Ilustrasi banjir di Kelurahan Kampung Melayu, Jatinegara, Jakarta Timur. (MI/Usman Iskandar)
M Rodhi Aulia • 5 March 2025 13:42
Jakarta: Banjir yang kembali melanda Jabodetabek memicu desakan agar langkah penanggulangan dilakukan lebih serius. Salah satu yang menjadi sorotan adalah pengerukan sungai dan saluran air yang dinilai masih belum optimal dalam mengantisipasi banjir.
Ketua DPRD Daerah Khusus Jakarta, Khoirudin, menegaskan pentingnya upaya tersebut guna mencegah pendangkalan yang menghambat aliran air. Dia mengatakan bahwa kondisi sungai yang semakin dangkal menyebabkan daya tampung air berkurang. Oleh karena itu, ia meminta pemerintah untuk segera melakukan pengerukan secara menyeluruh.
"Memang ada pendangkalan sungai, aliran air. Lumpur-lumpur semakin meninggi yang membuat debit air menjadi berkurang tampungannya. Saya menyarankan kepada pemerintah agar segera melakukan pengerukan terhadap seluruh saluran air dan sungai," ujar Khoirudin dalam pernyataannya di Gedung BPK RI perwakilan Daerah Khusus Jakarta, Rabu, 5 Maret 2025.
Khoirudin juga berharap Jakarta dapat memiliki kanal pengendali banjir seperti di beberapa kota lain, salah satunya Kuala Lumpur. Dia menjelaskan bahwa ibu kota Malaysia tersebut telah menerapkan sistem terowongan bawah tanah untuk mengalirkan air ke laut.
Baca juga: Wamen PU: Presiden Prabowo Sedih Banyak Warga Kena Banjir
Lebih lanjut, ia menekankan bahwa pengerukan sungai harus dilakukan secara berkala agar tidak terjadi penumpukan endapan lumpur yang berulang. "Karena memang endapan itu mengalir bersama aliran air. Jadi, pengerjaan banjir terus kita lakukan. Karena memang ini PR kita bersama," katanya. Ia juga menyampaikan bahwa DPRD Daerah Khusus Jakarta tengah meninjau kondisi masyarakat terdampak banjir serta memastikan bahwa penanganan bencana tetap menjadi prioritas dalam penyusunan anggaran.
Sementara itu, Wakil Ketua MPR Eddy Soeparno menilai bahwa banjir yang terjadi di Jabodetabek merupakan dampak nyata dari krisis iklim. Ia mengingatkan bahwa pemerintah tidak bisa hanya bertindak ketika bencana sudah terjadi, melainkan harus memiliki strategi mitigasi yang lebih baik.
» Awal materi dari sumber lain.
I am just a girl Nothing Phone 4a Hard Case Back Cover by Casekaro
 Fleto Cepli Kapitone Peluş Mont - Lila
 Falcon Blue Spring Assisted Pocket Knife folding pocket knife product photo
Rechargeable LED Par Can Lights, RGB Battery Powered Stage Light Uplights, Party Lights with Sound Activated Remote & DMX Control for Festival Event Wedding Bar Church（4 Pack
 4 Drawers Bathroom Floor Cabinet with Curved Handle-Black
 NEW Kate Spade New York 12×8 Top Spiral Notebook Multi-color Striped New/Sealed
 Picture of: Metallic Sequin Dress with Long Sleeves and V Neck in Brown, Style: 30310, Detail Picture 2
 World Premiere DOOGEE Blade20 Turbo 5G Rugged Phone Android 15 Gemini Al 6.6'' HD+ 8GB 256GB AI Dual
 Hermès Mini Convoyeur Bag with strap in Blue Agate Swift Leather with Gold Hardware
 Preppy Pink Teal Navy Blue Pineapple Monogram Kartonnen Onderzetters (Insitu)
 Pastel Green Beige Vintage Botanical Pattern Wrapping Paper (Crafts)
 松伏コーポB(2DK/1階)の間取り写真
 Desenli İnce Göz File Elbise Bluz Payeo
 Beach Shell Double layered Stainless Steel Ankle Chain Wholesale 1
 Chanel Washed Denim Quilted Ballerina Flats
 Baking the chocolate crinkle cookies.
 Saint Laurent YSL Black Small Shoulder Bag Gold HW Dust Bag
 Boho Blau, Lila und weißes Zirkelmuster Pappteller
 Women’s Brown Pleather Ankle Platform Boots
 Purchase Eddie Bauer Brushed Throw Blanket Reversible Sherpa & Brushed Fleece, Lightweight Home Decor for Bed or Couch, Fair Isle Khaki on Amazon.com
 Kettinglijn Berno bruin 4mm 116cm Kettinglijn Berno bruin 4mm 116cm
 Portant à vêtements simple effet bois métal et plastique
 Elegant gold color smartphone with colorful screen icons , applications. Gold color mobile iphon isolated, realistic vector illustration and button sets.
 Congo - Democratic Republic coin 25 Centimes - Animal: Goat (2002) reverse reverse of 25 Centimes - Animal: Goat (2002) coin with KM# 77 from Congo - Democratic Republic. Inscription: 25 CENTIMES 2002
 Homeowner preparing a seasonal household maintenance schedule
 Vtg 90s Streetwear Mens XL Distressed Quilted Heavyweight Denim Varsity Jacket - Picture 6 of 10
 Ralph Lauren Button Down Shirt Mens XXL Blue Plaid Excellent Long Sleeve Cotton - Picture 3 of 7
"Kita tidak bisa terus-menerus hanya merespons saat bencana sudah terjadi. Perlu ada langkah mitigasi dan kesiapan manajemen krisis yang lebih baik agar dampaknya bisa diminimalkan," katanya.
Eddy menegaskan bahwa pola banjir yang terus berulang menunjukkan perlunya langkah lebih sistematis dalam menghadapi dampak perubahan iklim. Jika tidak ada kebijakan yang lebih serius, situasi ini bisa semakin memburuk di masa depan. "Ini bukan pertama kalinya kita menghadapi banjir besar. Pola ini terus berulang setiap tahun, dan kalau tidak ada kebijakan yang lebih serius, maka ke depannya situasi bisa semakin buruk," ujarnya.
Dia juga meminta kepala daerah di Jabodetabek untuk segera menyusun langkah strategis dalam tata kelola air dan sistem drainase. "Kepala daerah harus segera menyusun langkah strategis, mulai dari perbaikan tata kelola air, sistem drainase yang lebih baik, hingga kesiapan tanggap darurat yang lebih cepat dan efektif. Jangan hanya bertindak ketika bencana sudah terjadi," tegasnya.
Menurut Eddy, perubahan iklim bukan lagi ancaman di masa depan, tetapi sudah menjadi kenyataan yang harus segera dihadapi. Ia meminta agar mitigasi krisis iklim dilakukan sesegera mungkin. "Krisis iklim ini nyata dan dampaknya semakin besar. Kita tidak bisa menunda lagi. Jika kebijakan yang tepat tidak segera diterapkan, masyarakat akan terus menjadi korban," imbuhnya.